Our national parks suffer over politics of a giant wall
By Peter Weinberger
President Trump’s decision to shut down the government until he gets a wall between Mexico and the United States continues to cause chaos in our country. Not only do 800,000 federal employees and their families suffer without paychecks, but 387 of our 737 national parks have been forced to close some because of visitors destroying the land the parks are designated to protect.
Making matters worse, the National Park Service (NPS) has closed its website that updates current conditions. If you are thinking of going, check the individual website of the park you want to visit.
One of the hardest hit national parks is also one of the most unique and beautiful. Yosemite had a tough year in 2018 with fires, bugs and thousands of dead trees. And although the park remains open, there are so many restrictions as far as where you can visit. At this point, it’s barely worth the trip. Problems remain with human waste—most bathrooms are closed—and trash is scattered around the park.
Over the past 10 years I’ve enjoyed taking pictures and video of Yosemite, like any visiting tourist. There’s still nothing more pristine than coming out of a mile-long tunnel to a classic valley view of Half Dome, Bridalveil Falls and El Capitan.
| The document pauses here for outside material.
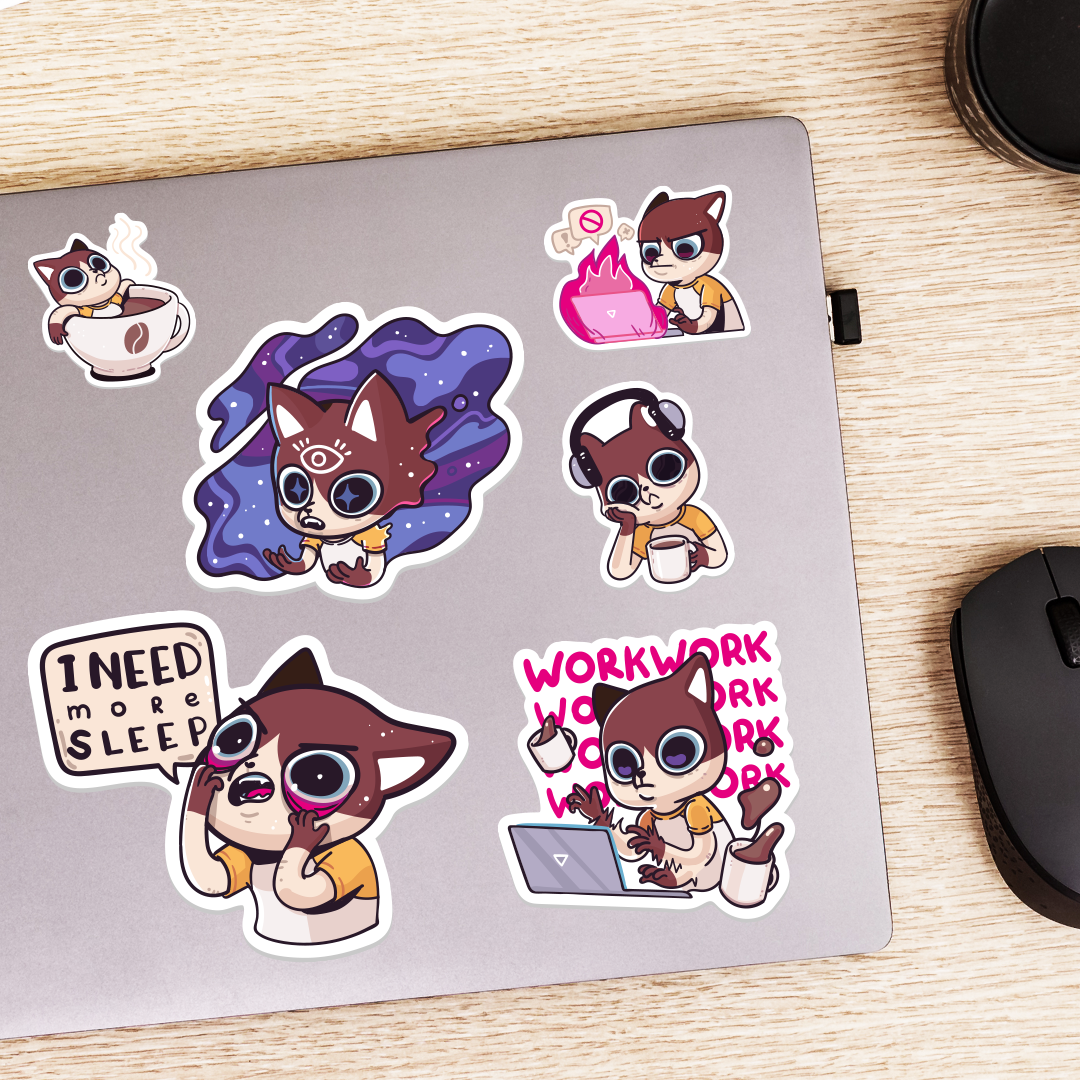 Set of cartoon custom shape vinyl stickers on a mouse pad with a mouse on a wooden surface.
Can you imagine John Muir’s reaction when he first gazed upon this incredible sight?
Needless to say I have a variety of images that have not been seen, mostly because I haven’t had a good reason to show the public. Yosemite is one of the most photographed national parks in the world, so it’s pretty hard to show a new angle or view.
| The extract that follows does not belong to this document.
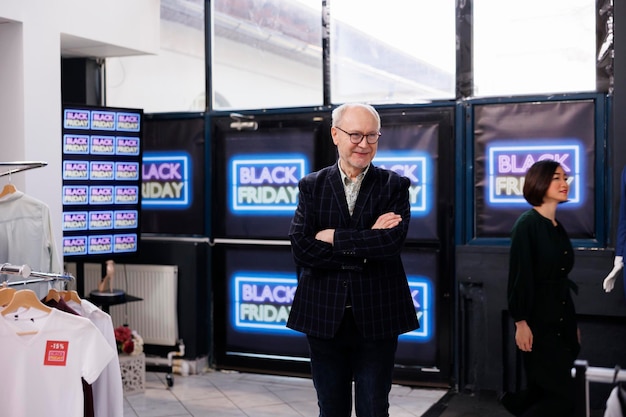 Free Photo friendly senior retail business owner wearing formal suit standing in clothing store against black friday neon banners, smiling man greeting and inviting customers to buy clothes during seasonal sales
Given what’s happening to the parks because of the government shutdown, I wanted to open up the vault and share some images with the hope that people realize the importance of caring for these national gems.
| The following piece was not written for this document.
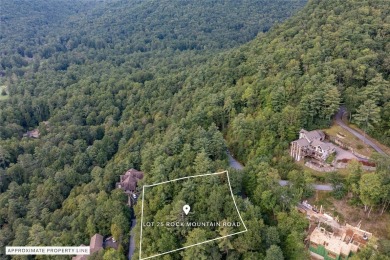 This homesite offers a rare blend of mountain scenery and on The Country Club of Sapphire Valley in North Carolina - for sale on GolfHomes.com, golf home, golf lot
These images can be seen in a video I produced and posted to the COURIER website, Facebook and YouTube pages. There will also be links to donate to the Yosemite Conservancy, which provides funds to care for the park, keeping it beautiful for all of us. These funds are critical because of the park’s large number of visitors each year. The link to the website is yosemiteconservancy.org.
New employee, familiar name
For those of you who have been watching COURIER videos, you may have noticed the name of our new employee. My son Matt Weinberger graduated from Virginia Tech in 2013 with a business and leadership degree. His undergraduate life was far different than that of his parents because he joined the Cadet Corp as a freshman.
Although Matt was on a civilian track (no military service after graduation), he was part of the Corp in almost every way. I vividly remember walking the campus with Matt in uniform while the younger cadets continually saluted him. I was one proud papa. Unfortunately, the COURIER staff never did embrace saluting the publisher!
After graduation, Matt surprised us and became interested in producing video (not quite sure how that happened) and set up a thriving video production business in Blacksburg, Virginia. But the call of Hollywood was too great to resist—and the calls from his mother—so he moved west to California just a few weeks ago.
We are lucky to have him working at the COURIER, even though we understand he will be moving on eventually to do his own thing. In the meantime, you will see Matt’s videos and photos as part of our regular coverage of Claremont.
Newsprint tariffs still have an impact
When we first learned of tariffs on Canadian newsprint early in 2018, it didn’t take long for our printer to announce price increases for printing the COURIER. Although they were reasonable about not pushing business-ending price increases, a tariff is a tariff, and an increase is an increase. Whatever you call it, it was more expensive to print the newspaper.
It took months before the United States International Trade Commission determined the Trump administration tariff was a ridiculous attempt to punish newspaper companies. The vote was unanimous to end the tariffs immediately. That was five months ago.
The problem is I’m still trying to get our printer to reduce prices to pre-tariff levels. So the rhetoric goes on while we continue to pay more to print your community newspaper. Or maybe it’s just time to find a new printer.